Among the entries below, find the line with "Artisan couvreur propose", then quote it and each following line up to and including the line with "Wild Mustang Paarden die aanraken Poster", and nothing else.

** INPUT FOR THIS TASK follows **

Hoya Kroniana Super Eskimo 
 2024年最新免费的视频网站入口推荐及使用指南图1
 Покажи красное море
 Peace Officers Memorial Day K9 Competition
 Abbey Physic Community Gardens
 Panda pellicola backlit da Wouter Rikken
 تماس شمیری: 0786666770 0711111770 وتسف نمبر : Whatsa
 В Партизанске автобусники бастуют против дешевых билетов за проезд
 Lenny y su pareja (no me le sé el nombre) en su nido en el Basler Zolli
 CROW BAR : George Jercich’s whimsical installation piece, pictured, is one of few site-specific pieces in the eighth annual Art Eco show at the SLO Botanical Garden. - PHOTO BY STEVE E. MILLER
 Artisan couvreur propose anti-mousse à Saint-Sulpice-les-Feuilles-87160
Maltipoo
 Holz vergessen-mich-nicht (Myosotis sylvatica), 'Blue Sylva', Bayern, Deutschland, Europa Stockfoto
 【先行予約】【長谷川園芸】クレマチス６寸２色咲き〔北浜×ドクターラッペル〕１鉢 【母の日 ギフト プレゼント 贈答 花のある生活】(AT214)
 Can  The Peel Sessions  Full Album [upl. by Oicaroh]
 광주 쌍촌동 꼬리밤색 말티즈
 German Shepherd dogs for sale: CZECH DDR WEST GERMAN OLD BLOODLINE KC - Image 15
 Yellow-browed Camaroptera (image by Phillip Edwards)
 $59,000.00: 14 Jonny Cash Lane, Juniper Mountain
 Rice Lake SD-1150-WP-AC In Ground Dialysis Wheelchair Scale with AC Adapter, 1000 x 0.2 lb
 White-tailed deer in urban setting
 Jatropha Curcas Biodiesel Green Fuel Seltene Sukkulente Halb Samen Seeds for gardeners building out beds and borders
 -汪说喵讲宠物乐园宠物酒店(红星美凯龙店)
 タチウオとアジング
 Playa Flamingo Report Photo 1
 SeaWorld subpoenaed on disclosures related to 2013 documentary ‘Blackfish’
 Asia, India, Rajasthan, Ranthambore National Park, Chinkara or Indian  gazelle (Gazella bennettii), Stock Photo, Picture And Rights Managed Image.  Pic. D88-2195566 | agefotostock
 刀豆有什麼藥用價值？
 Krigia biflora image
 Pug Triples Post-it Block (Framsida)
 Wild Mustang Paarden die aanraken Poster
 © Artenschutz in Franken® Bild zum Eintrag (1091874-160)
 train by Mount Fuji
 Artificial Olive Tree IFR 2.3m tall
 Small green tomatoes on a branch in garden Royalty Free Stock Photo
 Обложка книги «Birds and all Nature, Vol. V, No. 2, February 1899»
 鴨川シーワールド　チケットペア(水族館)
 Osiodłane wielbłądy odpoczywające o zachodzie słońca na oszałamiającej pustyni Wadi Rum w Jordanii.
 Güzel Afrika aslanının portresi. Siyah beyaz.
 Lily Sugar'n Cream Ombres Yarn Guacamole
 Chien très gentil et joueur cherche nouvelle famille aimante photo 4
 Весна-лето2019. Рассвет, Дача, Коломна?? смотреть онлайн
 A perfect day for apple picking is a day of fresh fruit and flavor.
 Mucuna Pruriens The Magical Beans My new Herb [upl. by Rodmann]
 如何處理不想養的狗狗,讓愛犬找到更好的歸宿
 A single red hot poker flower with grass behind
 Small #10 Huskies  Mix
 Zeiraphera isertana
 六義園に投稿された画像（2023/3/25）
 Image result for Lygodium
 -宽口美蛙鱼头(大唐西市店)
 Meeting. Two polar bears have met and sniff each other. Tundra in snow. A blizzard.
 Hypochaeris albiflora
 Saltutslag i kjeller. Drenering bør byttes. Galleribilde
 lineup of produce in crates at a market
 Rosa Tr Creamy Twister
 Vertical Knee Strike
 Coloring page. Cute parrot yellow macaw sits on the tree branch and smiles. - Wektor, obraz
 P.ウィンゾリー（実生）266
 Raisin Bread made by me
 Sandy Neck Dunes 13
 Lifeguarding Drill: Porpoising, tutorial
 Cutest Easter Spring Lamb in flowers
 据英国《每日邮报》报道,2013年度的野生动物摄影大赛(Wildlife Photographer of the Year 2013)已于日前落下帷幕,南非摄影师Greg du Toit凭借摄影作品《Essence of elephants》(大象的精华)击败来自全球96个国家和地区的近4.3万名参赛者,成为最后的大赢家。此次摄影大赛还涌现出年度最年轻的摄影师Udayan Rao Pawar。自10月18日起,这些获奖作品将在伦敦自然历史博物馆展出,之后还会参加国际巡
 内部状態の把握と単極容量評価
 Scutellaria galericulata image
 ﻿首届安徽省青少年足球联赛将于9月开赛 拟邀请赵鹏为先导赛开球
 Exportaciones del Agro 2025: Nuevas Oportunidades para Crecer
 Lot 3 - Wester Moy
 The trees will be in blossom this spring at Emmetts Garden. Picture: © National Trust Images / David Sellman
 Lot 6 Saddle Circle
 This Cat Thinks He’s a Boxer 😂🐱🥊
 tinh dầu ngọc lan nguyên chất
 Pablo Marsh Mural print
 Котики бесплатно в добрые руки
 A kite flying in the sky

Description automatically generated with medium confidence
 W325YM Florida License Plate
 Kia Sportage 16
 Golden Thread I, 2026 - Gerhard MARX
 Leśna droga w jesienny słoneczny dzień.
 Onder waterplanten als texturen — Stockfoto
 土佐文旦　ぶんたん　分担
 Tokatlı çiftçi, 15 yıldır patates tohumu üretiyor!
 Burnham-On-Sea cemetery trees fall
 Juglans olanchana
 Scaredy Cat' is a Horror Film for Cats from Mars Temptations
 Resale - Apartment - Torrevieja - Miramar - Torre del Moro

** End of INPUT FOR THIS TASK **

- ANSWER BELOW:
 Artisan couvreur propose anti-mousse à Saint-Sulpice-les-Feuilles-87160
Maltipoo
 Holz vergessen-mich-nicht (Myosotis sylvatica), 'Blue Sylva', Bayern, Deutschland, Europa Stockfoto
 【先行予約】【長谷川園芸】クレマチス６寸２色咲き〔北浜×ドクターラッペル〕１鉢 【母の日 ギフト プレゼント 贈答 花のある生活】(AT214)
 Can  The Peel Sessions  Full Album [upl. by Oicaroh]
 광주 쌍촌동 꼬리밤색 말티즈
 German Shepherd dogs for sale: CZECH DDR WEST GERMAN OLD BLOODLINE KC - Image 15
 Yellow-browed Camaroptera (image by Phillip Edwards)
 $59,000.00: 14 Jonny Cash Lane, Juniper Mountain
 Rice Lake SD-1150-WP-AC In Ground Dialysis Wheelchair Scale with AC Adapter, 1000 x 0.2 lb
 White-tailed deer in urban setting
 Jatropha Curcas Biodiesel Green Fuel Seltene Sukkulente Halb Samen Seeds for gardeners building out beds and borders
 -汪说喵讲宠物乐园宠物酒店(红星美凯龙店)
 タチウオとアジング
 Playa Flamingo Report Photo 1
 SeaWorld subpoenaed on disclosures related to 2013 documentary ‘Blackfish’
 Asia, India, Rajasthan, Ranthambore National Park, Chinkara or Indian  gazelle (Gazella bennettii), Stock Photo, Picture And Rights Managed Image.  Pic. D88-2195566 | agefotostock
 刀豆有什麼藥用價值？
 Krigia biflora image
 Pug Triples Post-it Block (Framsida)
 Wild Mustang Paarden die aanraken Poster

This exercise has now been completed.